Stored data entries

==========

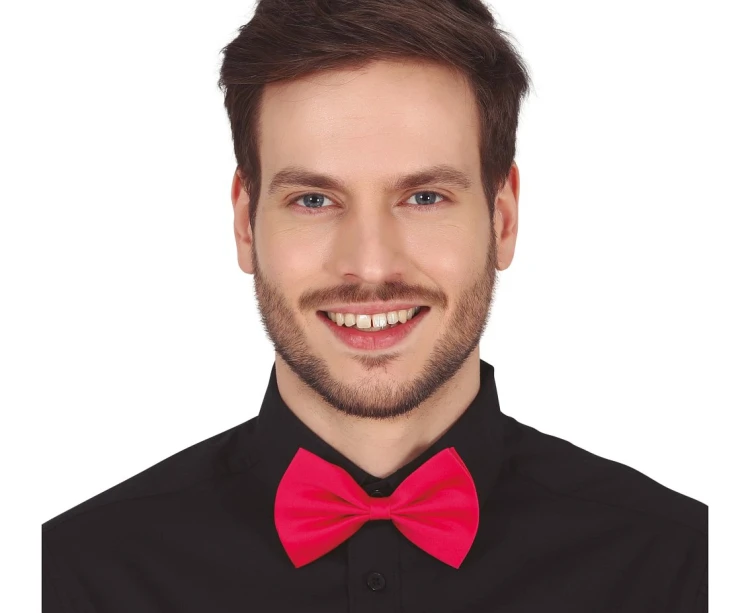 Mucha Fuksjowa 11 cm Muszka Różowa Elegancka do Garnituru Strój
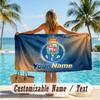 Custom Text Beach Towel, Soft Absorbent Swimming Multi-use TowelFC Porto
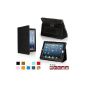 Snuggling iPad 4 Case (Black) - Smart Cover with stand, elastic hand strap, stylus holder and Premium Nubuck lining (Electronics)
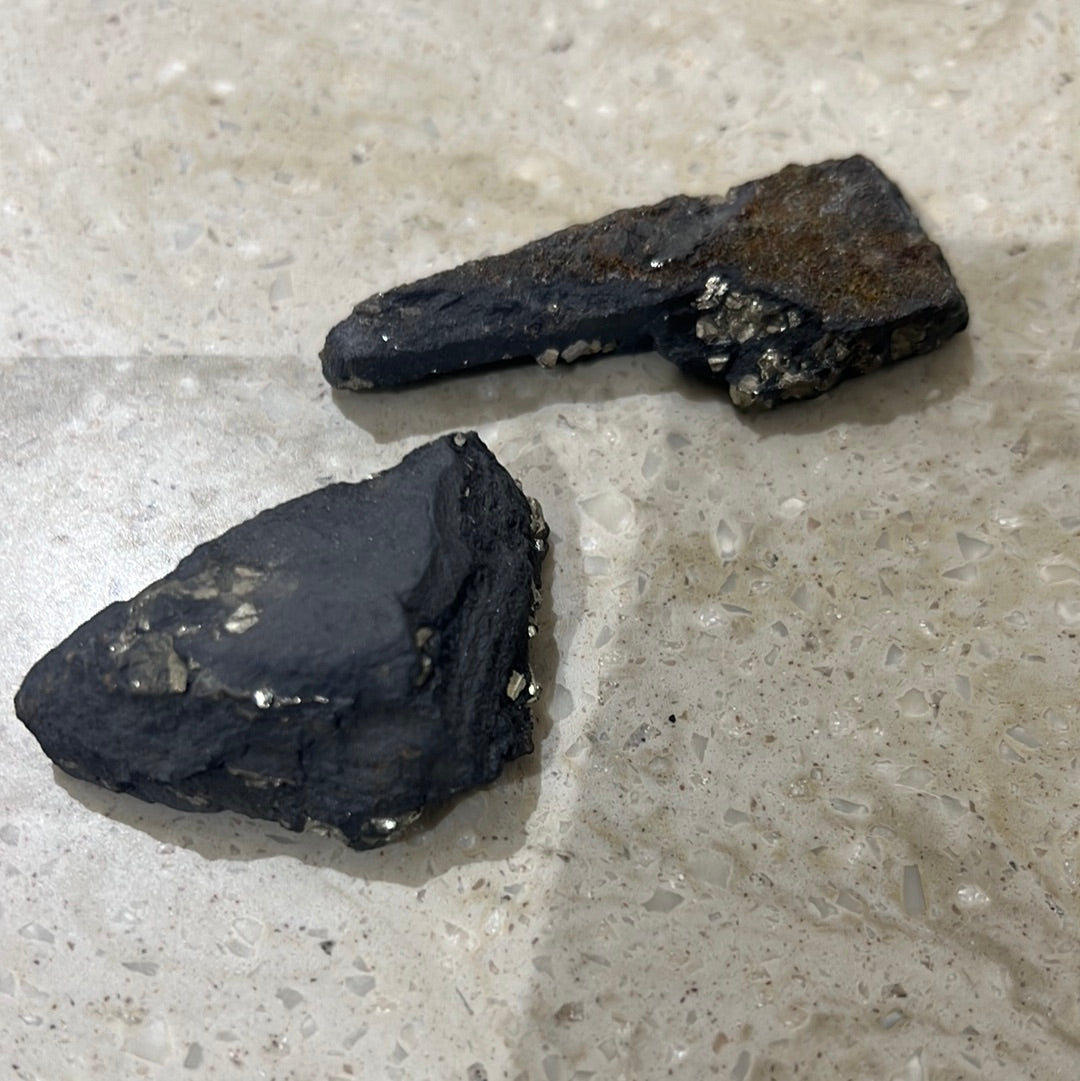 Shungite With Pyrite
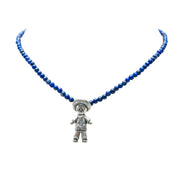 Collar Mi Niño, joya de plata .925, con lapislázuli – Gabriela Sánchez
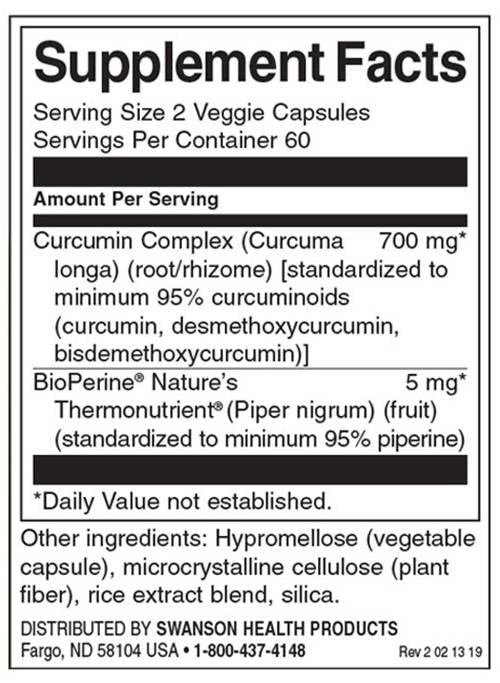 Complex de curcumină cu BioPerine 350 mg - 120 capsule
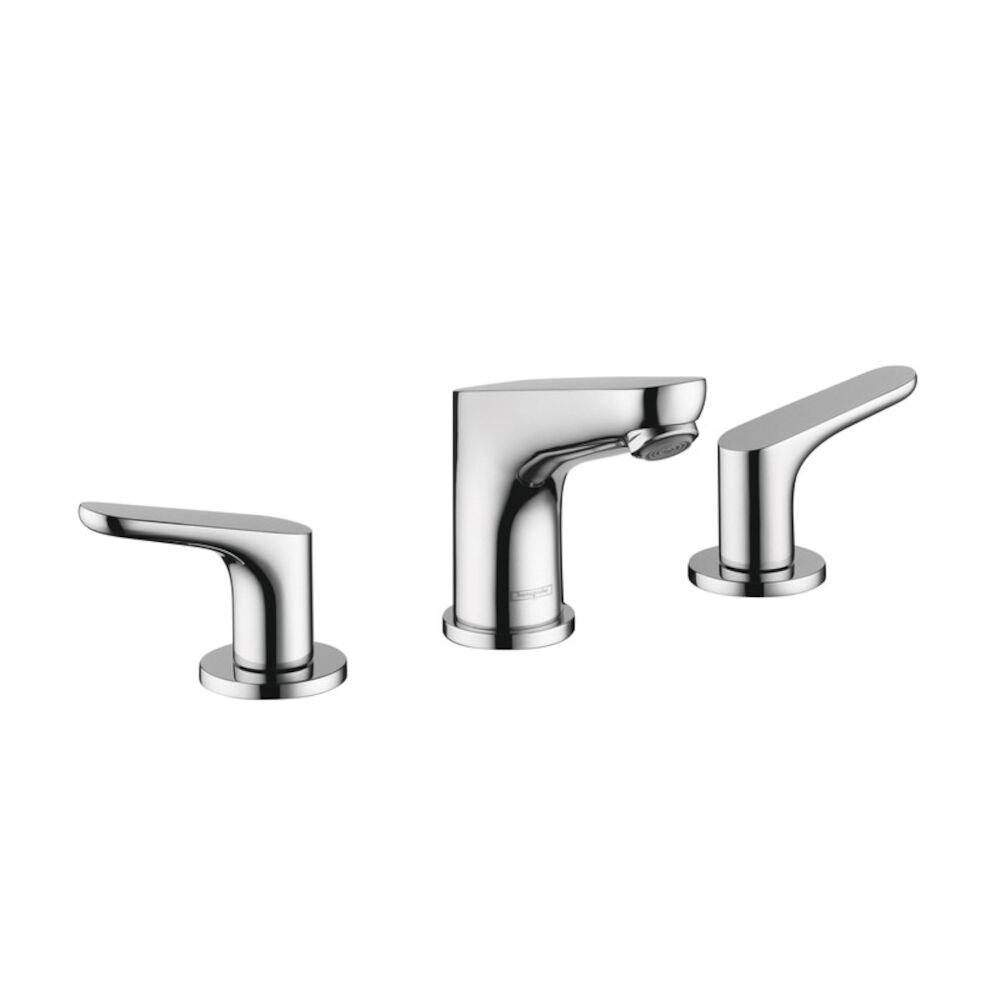 04369000 Focus E Widespread Bathroom Faucet, Chrome Plated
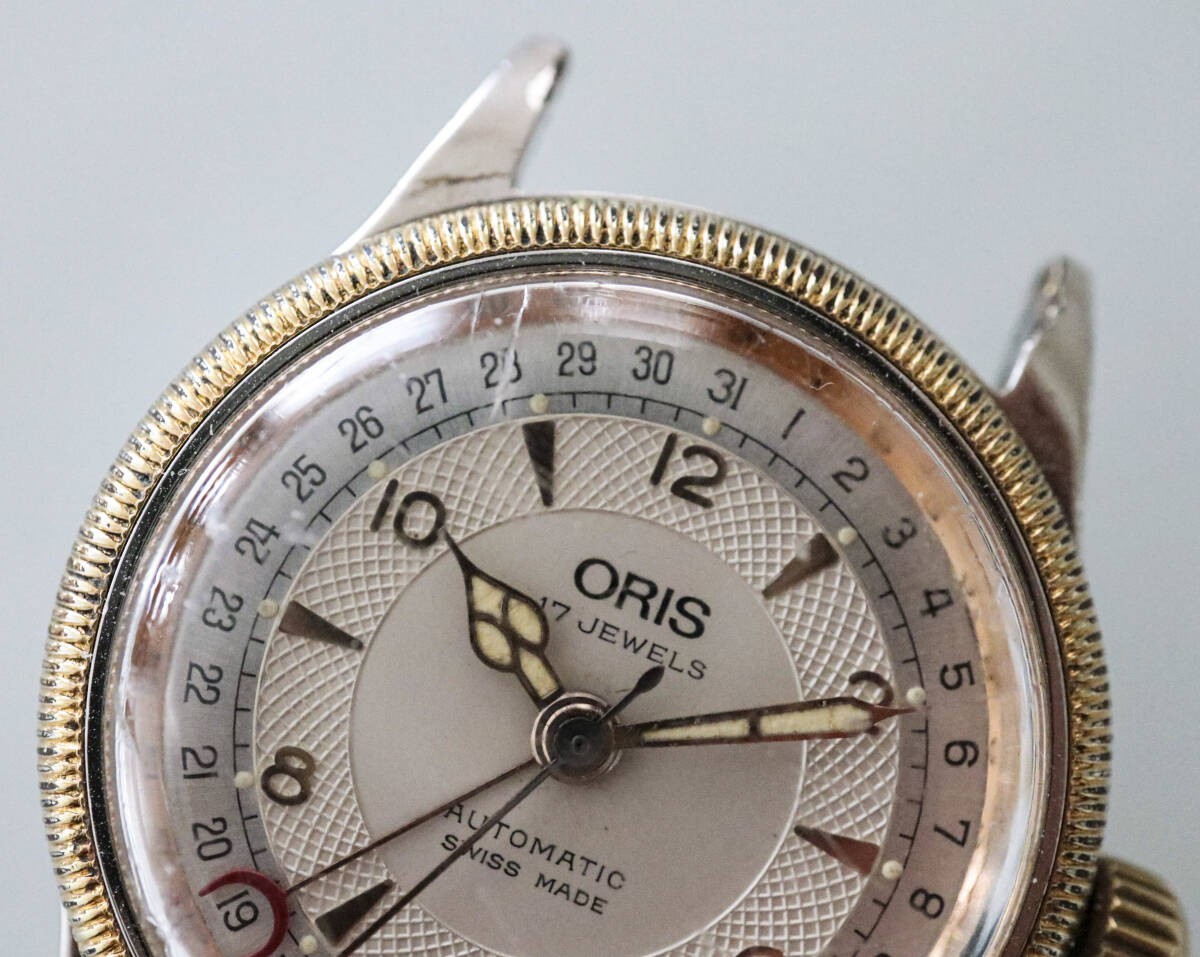 ORIS オリス ポインターデート model 574 7400 自動巻メカニカル 中古稼働品 オリステクニカルブック付き _画像4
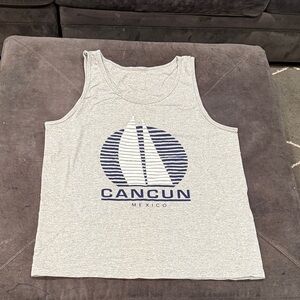 Gray Cancun Tank Top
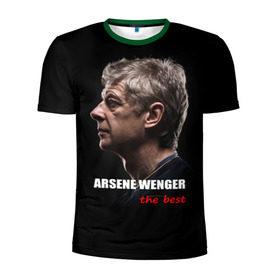 Мужская футболка 3D спортивная с принтом Arsene Wenger (Arsenal) в Петрозаводске, 100% полиэстер с улучшенными характеристиками | приталенный силуэт, круглая горловина, широкие плечи, сужается к линии бедра | Тематика изображения на принте: 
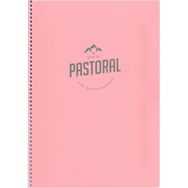 Gıpta 72 Yaprak Çizgili Spiralli Pp. Kapak 17x24 cm Pembe Pastoral Defter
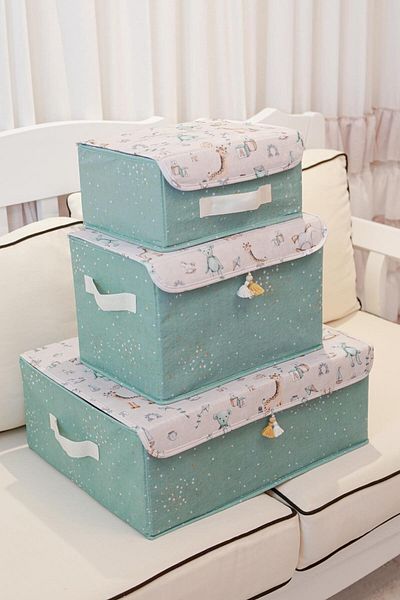 ALAS Baby Box with Lid Mini- Organizer βρεφικού δωματίου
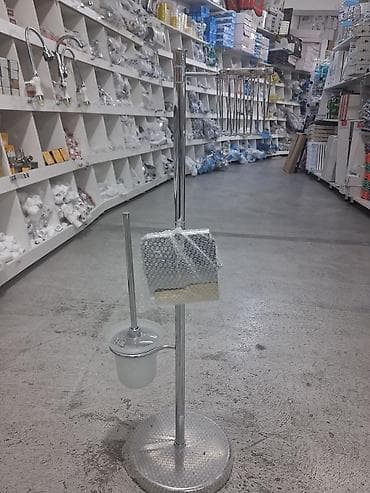 salfet qabı: Çoxfunksiyalı sərbəst dayanan tualet aksesuarı stendi - Material — 2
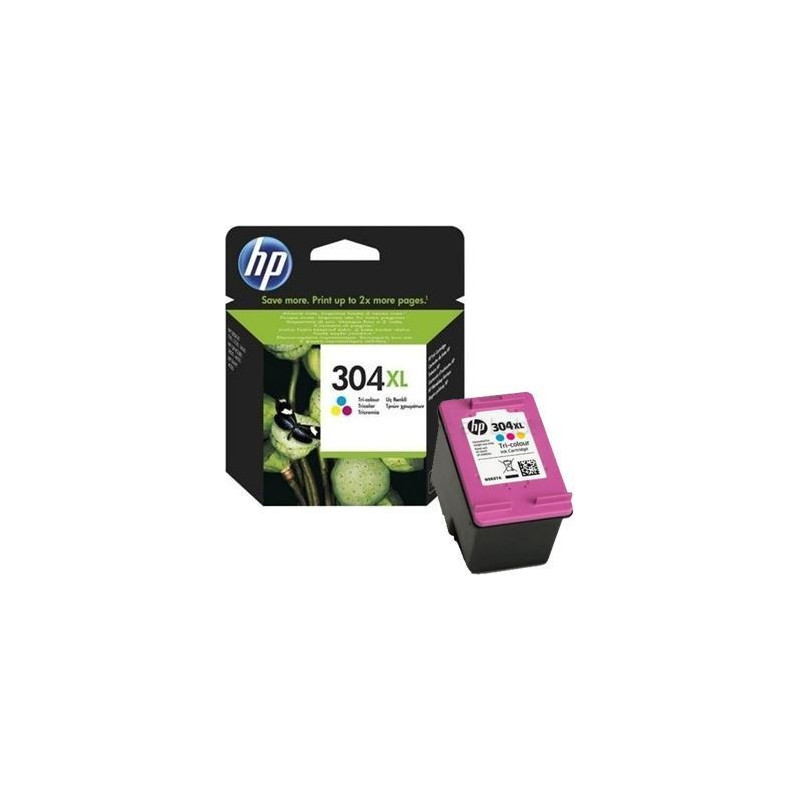 HP 304XL Tri-colour original ink cartridge N9K07AE HP 304XL Tri-colour original ink cartridge N9K07AE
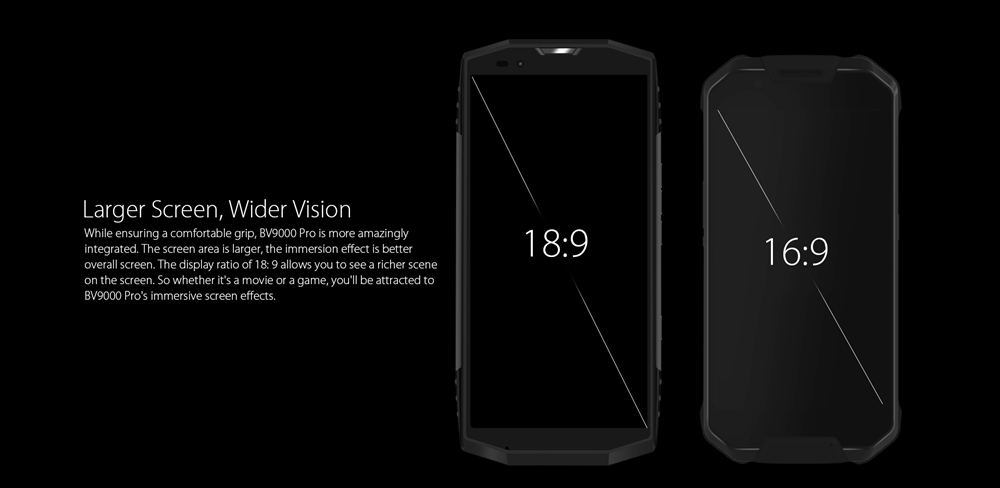 [HK Stock]Blackview BV9000 Pro 5.7 Inch 4G LTE Smartphone 18:9  FHD+ Full Screen Waterproof IP68 6GB 128GB Helio P25 Octa Core Dual Rear Camera Android 7.1 4180mAh Quick Charge NFC - Silver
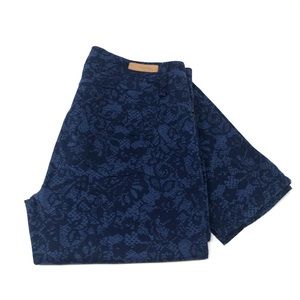 Sanctuary Blue Denim Jeans with Floral Print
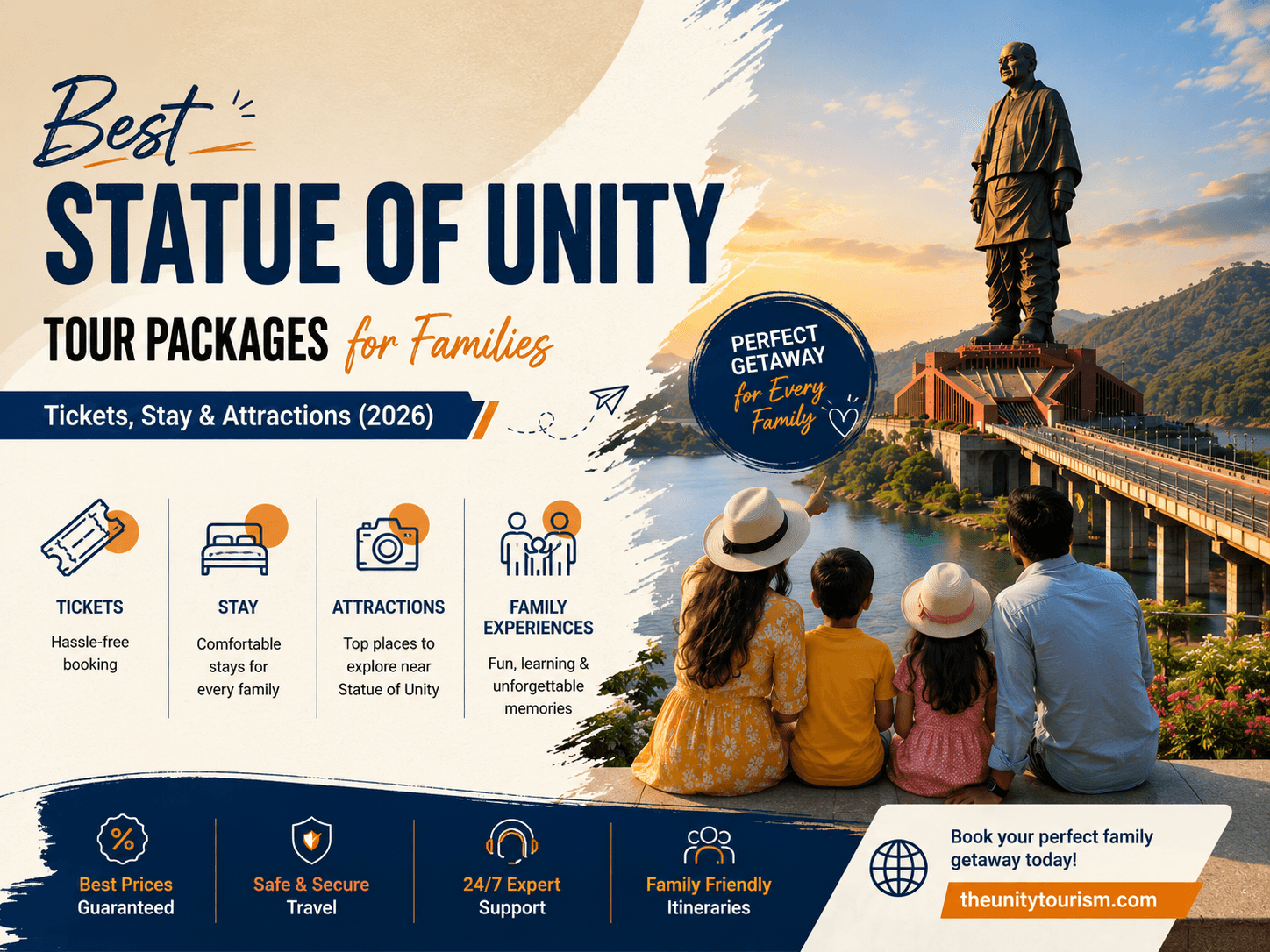 Best Statue of Unity Tour Packages for Families: Tickets, Stay & Attractions (2026)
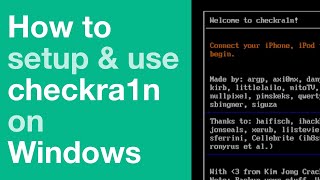 [Easy] How to setup and use checkra1n on Windows. iOS 12.0 - 14.6b1 ( See description for update)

==========

- _WHAT IS REQUIRED_: From the line containing "[HK Stock]Blackview BV9000" through the line containing "Best Statue of", copy every line above exactly, without pictures.

- _SOLUTION BELOW_:
 [HK Stock]Blackview BV9000 Pro 5.7 Inch 4G LTE Smartphone 18:9  FHD+ Full Screen Waterproof IP68 6GB 128GB Helio P25 Octa Core Dual Rear Camera Android 7.1 4180mAh Quick Charge NFC - Silver
 Sanctuary Blue Denim Jeans with Floral Print
 Best Statue of Unity Tour Packages for Families: Tickets, Stay & Attractions (2026)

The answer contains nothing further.